The miracle of opioid pain relief is fatally limited by tolerance, addiction and respiratory depression. Buprenorphine, when combined with a mu agonist, results in game-changing effects. Patients experience potent, dose-related analgesia from the agonist, but have NO euphoria. The therapeutic window is widened. Patients unable to control their use of a mu agonist alone gain that control when on buprenorphine. And most exciting, buprenorphine indefinitely anchors tolerance, maintaining analgesia WITHOUT DOSE ESCALATION. This finding offers huge implications for pain management.

Discussion:

Use of opioids for chronic pain has severe limitations. Tolerance removes the benefits of opioid analgesics over time. Worse, tolerance is associated with dependence and withdrawal. Many patients use additional doses of their prescription early in the month, then suffer through withdrawal while awaiting refills.
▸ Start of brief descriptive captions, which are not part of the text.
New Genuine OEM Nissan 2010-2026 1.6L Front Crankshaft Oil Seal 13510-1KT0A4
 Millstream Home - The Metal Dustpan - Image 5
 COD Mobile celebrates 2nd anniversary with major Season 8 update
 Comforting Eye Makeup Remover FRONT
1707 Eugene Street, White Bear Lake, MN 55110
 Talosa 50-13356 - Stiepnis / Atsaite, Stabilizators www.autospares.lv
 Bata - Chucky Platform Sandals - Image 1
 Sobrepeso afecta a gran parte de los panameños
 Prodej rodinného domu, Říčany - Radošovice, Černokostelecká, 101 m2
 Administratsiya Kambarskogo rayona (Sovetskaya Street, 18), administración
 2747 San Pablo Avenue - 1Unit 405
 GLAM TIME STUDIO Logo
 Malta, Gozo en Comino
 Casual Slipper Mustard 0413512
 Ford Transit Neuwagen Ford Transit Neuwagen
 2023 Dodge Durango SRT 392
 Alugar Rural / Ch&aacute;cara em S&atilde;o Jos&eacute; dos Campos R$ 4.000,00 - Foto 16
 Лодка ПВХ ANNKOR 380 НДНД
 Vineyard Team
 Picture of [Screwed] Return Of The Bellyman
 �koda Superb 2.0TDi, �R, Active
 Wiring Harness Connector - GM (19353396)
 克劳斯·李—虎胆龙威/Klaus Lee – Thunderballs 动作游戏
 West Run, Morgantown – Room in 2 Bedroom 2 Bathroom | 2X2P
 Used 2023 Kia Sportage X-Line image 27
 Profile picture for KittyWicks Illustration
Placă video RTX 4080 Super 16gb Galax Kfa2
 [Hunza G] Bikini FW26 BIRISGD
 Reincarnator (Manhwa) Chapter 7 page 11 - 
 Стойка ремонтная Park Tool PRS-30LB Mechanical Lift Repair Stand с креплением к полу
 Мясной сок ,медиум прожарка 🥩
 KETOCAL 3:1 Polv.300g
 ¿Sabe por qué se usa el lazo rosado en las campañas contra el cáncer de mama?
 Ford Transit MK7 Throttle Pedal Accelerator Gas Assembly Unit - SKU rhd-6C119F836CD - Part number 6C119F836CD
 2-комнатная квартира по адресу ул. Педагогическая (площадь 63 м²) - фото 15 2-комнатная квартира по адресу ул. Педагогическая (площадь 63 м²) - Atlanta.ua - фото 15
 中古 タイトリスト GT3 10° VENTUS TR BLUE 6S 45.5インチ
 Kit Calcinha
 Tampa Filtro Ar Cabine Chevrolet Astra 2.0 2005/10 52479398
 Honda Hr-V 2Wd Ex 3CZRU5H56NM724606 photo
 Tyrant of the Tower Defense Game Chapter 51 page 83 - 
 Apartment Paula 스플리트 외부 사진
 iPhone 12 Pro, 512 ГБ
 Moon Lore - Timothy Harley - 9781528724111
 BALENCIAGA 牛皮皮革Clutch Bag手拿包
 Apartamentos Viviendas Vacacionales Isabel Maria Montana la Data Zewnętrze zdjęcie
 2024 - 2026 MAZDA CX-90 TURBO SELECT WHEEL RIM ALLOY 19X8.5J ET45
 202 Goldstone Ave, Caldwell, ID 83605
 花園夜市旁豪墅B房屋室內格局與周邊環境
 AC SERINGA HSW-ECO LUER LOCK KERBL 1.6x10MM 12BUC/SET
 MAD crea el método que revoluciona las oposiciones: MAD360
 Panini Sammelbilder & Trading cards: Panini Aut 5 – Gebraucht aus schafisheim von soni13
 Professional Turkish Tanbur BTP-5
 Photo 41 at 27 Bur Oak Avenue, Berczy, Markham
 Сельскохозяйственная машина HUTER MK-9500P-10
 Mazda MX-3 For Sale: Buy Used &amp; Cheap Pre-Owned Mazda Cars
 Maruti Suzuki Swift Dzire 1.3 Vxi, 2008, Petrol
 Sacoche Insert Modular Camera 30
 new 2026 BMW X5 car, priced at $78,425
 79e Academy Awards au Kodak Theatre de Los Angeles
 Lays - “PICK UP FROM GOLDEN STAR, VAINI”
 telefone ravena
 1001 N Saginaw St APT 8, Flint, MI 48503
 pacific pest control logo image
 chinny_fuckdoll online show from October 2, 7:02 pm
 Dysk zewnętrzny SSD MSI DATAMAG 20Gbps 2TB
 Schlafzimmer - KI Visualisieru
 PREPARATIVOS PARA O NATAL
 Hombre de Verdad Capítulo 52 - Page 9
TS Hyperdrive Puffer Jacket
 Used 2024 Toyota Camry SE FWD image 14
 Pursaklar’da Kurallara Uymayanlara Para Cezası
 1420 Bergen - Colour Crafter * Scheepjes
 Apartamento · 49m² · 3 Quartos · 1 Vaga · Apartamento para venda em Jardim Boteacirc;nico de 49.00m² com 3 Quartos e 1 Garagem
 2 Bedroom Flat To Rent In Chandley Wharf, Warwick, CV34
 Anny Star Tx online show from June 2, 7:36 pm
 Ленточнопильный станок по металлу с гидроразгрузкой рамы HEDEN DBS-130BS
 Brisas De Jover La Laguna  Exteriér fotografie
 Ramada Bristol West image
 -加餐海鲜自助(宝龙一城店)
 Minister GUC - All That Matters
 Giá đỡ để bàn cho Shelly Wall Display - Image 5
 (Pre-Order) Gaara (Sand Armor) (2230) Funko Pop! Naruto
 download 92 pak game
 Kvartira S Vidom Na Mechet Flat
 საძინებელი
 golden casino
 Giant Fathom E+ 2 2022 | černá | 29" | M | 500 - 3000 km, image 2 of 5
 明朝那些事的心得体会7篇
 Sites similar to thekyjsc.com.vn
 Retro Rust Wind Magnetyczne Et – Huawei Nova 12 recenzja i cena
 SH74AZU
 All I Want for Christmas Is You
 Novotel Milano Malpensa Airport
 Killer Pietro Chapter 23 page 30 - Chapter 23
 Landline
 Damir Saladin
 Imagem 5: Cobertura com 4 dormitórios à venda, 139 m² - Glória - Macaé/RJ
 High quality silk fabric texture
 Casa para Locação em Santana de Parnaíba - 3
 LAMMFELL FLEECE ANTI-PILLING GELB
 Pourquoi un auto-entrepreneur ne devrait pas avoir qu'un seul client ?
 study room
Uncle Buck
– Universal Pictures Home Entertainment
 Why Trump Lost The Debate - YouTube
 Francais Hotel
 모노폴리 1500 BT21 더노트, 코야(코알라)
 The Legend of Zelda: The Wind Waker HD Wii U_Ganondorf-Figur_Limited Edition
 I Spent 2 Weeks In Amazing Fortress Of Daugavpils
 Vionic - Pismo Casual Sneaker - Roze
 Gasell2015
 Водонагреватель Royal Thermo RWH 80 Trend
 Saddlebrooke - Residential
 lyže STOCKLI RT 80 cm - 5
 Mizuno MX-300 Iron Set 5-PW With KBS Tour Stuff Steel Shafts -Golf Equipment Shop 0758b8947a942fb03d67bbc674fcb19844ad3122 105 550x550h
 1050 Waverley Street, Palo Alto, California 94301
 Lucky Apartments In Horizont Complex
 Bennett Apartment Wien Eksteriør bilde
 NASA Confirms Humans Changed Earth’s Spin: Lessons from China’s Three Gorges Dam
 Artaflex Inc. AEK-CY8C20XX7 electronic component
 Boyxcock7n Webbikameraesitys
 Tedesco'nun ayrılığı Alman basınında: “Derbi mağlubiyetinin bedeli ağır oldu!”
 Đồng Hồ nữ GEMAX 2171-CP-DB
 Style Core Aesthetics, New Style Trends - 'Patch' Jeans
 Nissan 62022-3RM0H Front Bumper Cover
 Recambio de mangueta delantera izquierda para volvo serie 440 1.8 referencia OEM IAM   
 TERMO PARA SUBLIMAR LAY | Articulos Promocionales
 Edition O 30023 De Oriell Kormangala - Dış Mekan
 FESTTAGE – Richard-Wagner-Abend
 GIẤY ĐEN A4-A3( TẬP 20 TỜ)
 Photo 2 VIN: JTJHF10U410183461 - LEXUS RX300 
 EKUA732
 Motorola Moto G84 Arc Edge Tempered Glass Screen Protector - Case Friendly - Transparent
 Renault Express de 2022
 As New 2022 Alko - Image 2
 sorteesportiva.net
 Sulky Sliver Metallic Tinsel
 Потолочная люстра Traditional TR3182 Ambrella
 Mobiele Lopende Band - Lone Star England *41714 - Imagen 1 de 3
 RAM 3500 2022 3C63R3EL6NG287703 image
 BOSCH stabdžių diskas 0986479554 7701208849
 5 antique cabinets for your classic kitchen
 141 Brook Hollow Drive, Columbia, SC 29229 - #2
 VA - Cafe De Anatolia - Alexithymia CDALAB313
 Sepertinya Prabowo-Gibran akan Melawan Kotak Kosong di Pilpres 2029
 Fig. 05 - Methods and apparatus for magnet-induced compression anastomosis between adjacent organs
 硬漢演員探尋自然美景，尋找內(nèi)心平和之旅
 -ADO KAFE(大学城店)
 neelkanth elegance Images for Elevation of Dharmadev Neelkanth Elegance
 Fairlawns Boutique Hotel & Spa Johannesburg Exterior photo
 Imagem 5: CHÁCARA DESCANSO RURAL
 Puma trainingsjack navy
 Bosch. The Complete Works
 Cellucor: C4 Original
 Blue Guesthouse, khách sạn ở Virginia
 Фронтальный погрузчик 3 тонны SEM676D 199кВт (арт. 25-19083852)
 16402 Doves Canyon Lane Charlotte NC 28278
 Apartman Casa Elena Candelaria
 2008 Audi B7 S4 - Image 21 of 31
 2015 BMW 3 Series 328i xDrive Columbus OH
Others find opioids through less-reliable, non-clinical sources.

At the same time, addiction to mu opioids is a nationwide epidemic. Reformulation Oxycontin has pushed many opioid users toward diacetylmorphine—brand name Heroin. Some physicians recommend avoiding mu opioids altogether for chronic pain (e.g. Physicians for Responsible Opioid Prescribing), while pain treatment advocates argue to ease narcotic restrictions.